The paper introduces Searth Transformer, a physics-informed Transformer architecture for global weather forecasting that incorporates Earth's geometry and a novel training strategy, achieving high accuracy with lower computational costs.

Contribution

It proposes the Shifted Earth Transformer with zonal periodicity and meridional boundaries, and a Relay Autoregressive fine-tuning method, advancing global weather prediction models.

Findings

YanTian outperforms ECMWF high-resolution forecasts.

Achieves comparable accuracy to state-of-the-art AI models at lower cost.

Extends skillful forecast lead time for Z500 to 10.3 days.

Abstract

Accurate global medium-range weather forecasting is fundamental to Earth system science.
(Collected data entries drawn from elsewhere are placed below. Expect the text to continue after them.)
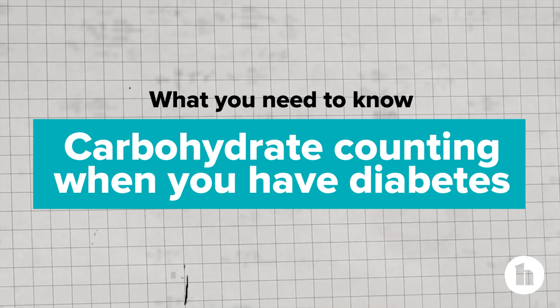Hi, I'm Lisa Valenti, registered dietitian with Healthline. Let's talk about carbs, specifically what you need to know about carbohydrate counting when you have diabetes.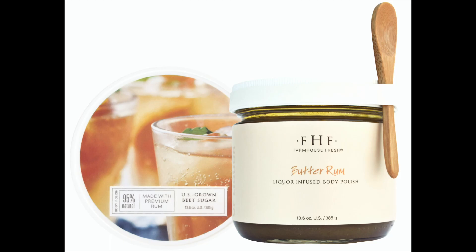All seasonal services, with the exception of the massage, include the Farmhouse Fresh Butter Rum Body Polish used to exfoliate your skin. Here I have a sample of it. It is a butterscotch scented fine body scrub that instantly puts you in a good mood. The ingredients are coarse brown sugar, rice bran oil and vitamin E.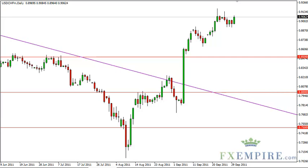Dollar-Swiss technical analysis, October 3rd, FXEmpire.com. The dollar-Swiss pair rose on Friday as a safe haven trade came back into vogue.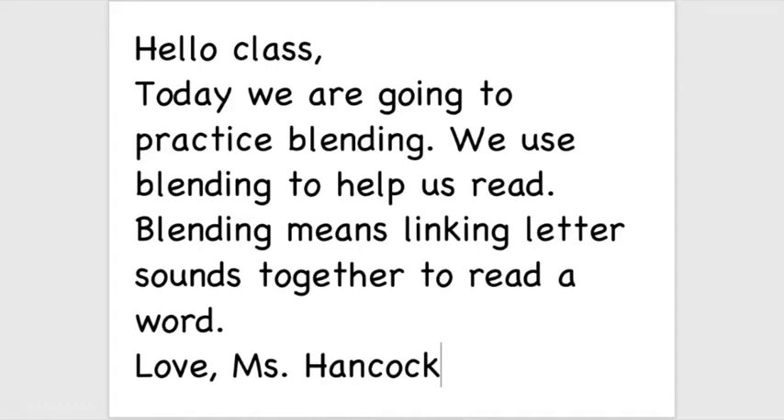I'll read it one more time. It says: Hello, class, comma. Today we are going to practice blending — can you say blending? — period. We use blending to help us read, period. Blending means linking or putting together letter sounds together to read a word, period. Love, Miss Hancock. Great.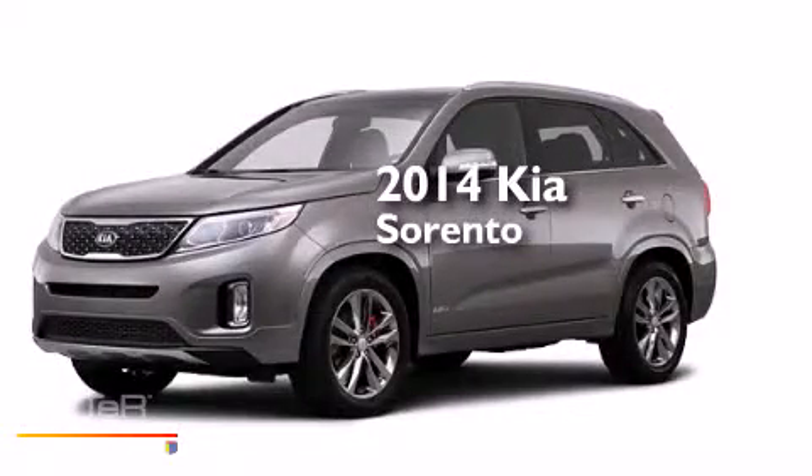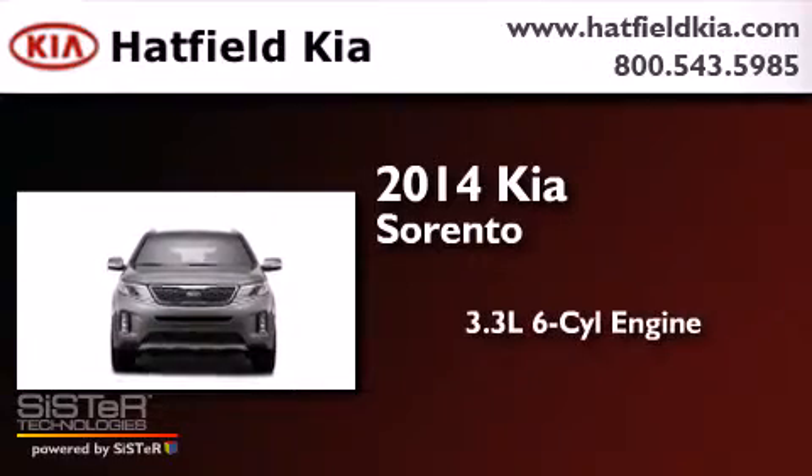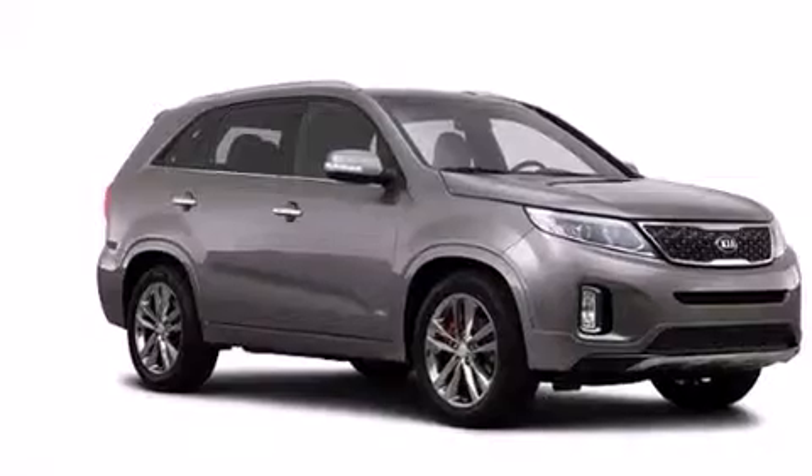This is a brand new 2014 Kia Sorento. It has a 3.3-liter six-cylinder engine, an automatic transmission, and all-wheel drive.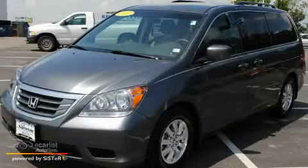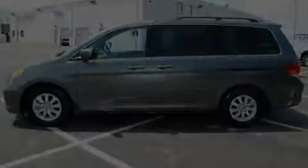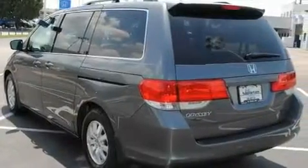This is a 2010 Honda Odyssey, a vehicle that can carry what you need so you can drive comfortably. It has a 3.5 liter 6-cylinder engine, an automatic transmission, and a clean non-smoker interior.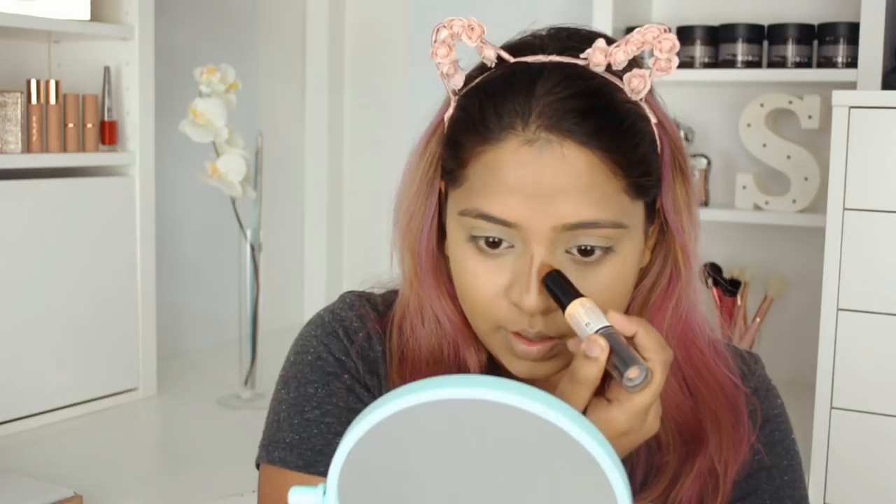Now I'm going to contour my nose area. I'm using the NYX Wonder Stick — the only cream product I use on my face for contouring. I usually use a powder contour to contour the rest of my face.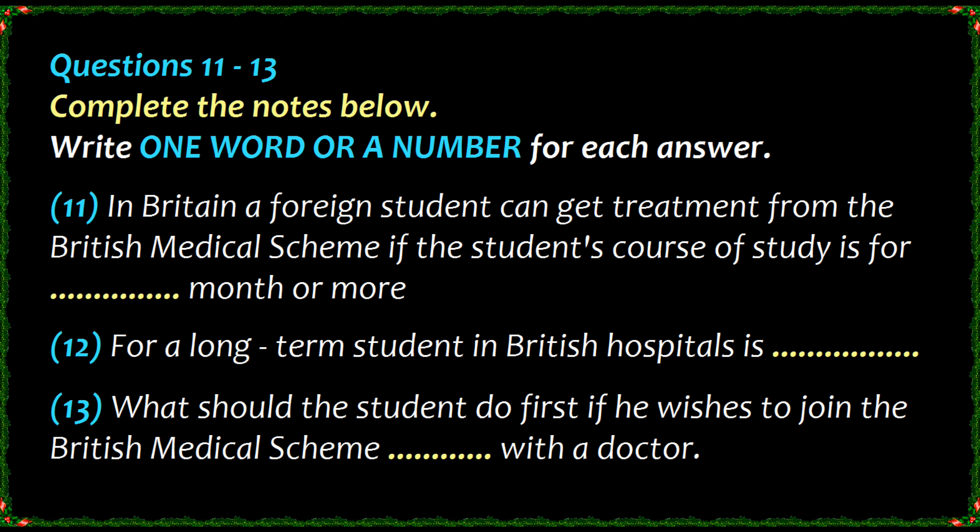Good morning. Can I help you? Yes, I'd like to know something about the British medical scheme. Can I use British doctors if I fall ill? That will depend on how long your course of study is. If it is six months or more, then you are entitled to treatment from the British medical scheme, called the National Health Service, NHS, as if you were a British citizen.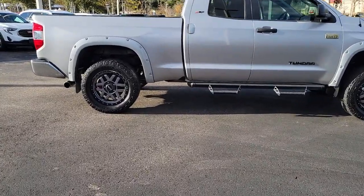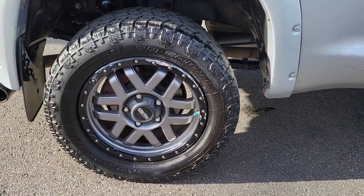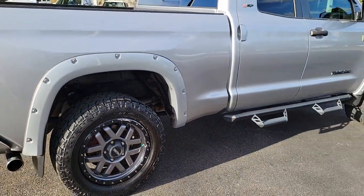Take a closer look at this vehicle. Its design and features represent an outstanding value. The following are some of this vehicle's highlighted options.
Most existing Transformer-based forecasting models adopt vision-centric architectures that neglect the Earth's spherical geometry and zonal periodicity. In addition, conventional autoregressive training is computationally expensive and limits forecast horizons due to error accumulation. To address these challenges, we propose the Shifted Earth Transformer (Searth Transformer), a physics-informed architecture that incorporates zonal periodicity and meridional boundaries into window-based self-attention for physically consistent global information exchange. We further introduce a Relay Autoregressive (RAR) fine-tuning strategy that enables learning long-range atmospheric evolution under constrained memory and computational budgets. Based on these methods, we develop YanTian, a global medium-range weather forecasting model. YanTian achieves higher accuracy than the high-resolution forecast of the European Centre for Medium-Range Weather Forecasts and performs competitively with state-of-the-art AI models at one-degree resolution, while requiring roughly 200 times lower computational cost than standard autoregressive fine-tuning. Furthermore, YanTian attains a longer skillful forecast lead time for Z500 (10.3 days) than HRES (9 days). Beyond weather forecasting, this work establishes a robust algorithmic foundation for predictive modeling of complex global-scale geophysical circulation systems, offering new pathways for Earth system science.